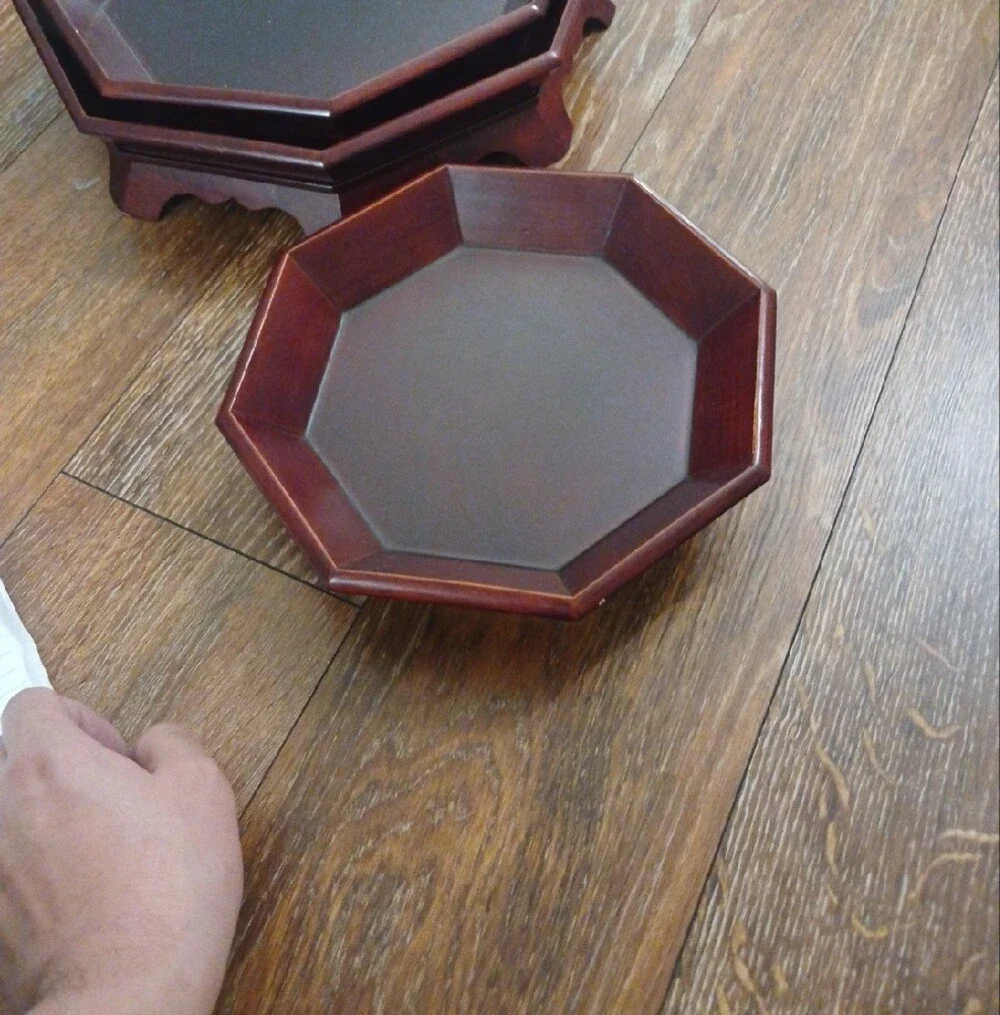 Asian Octagonal Wooden Pedestal Serving Trays - Set of 4
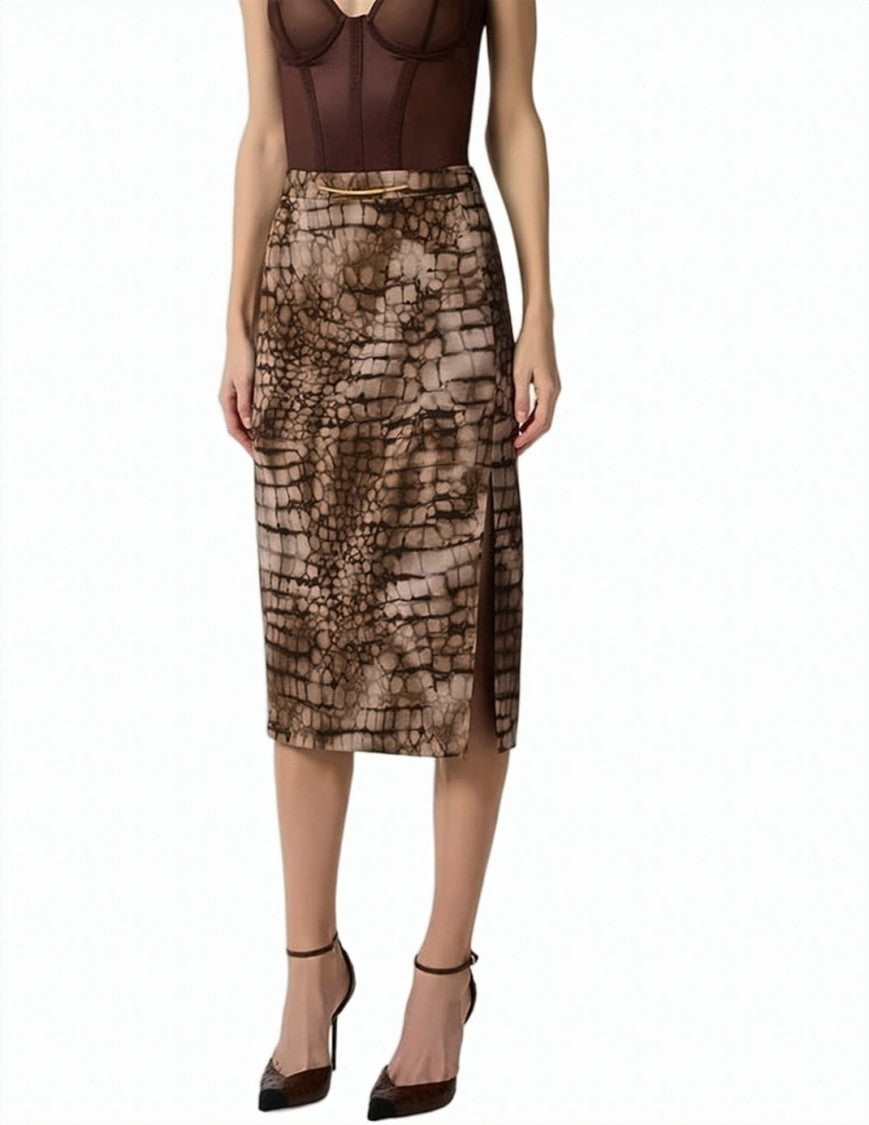 Elisabetta Franchi Alligator Print Jersey Midi Skirt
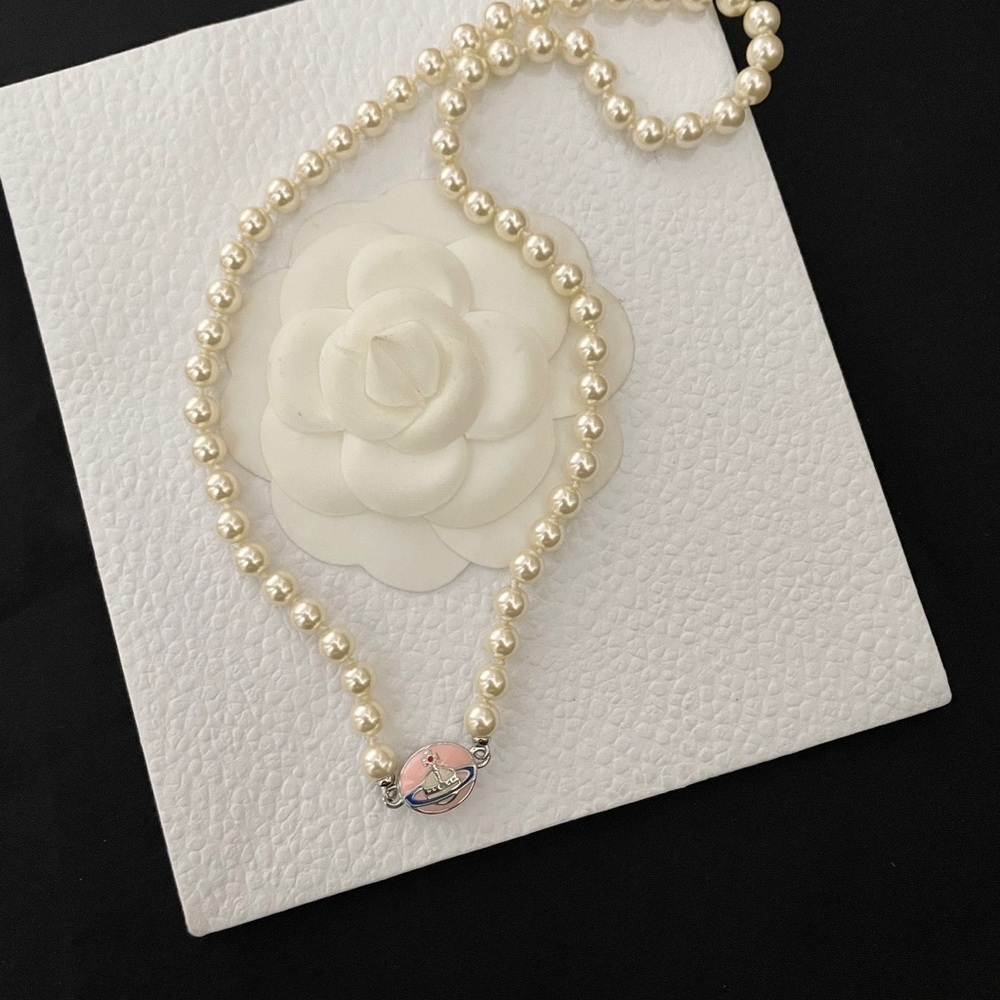 Vivienne Westwood Pearl Necklace with Pink Charm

☆ ☆ ☆ ☆ ☆ ☆ ☆

**Work instruction:** In your copy of the listing above, reproduce each line exactly and omit all pictures.

**Solution to the problem:**
 Asian Octagonal Wooden Pedestal Serving Trays - Set of 4
 Elisabetta Franchi Alligator Print Jersey Midi Skirt
 Vivienne Westwood Pearl Necklace with Pink Charm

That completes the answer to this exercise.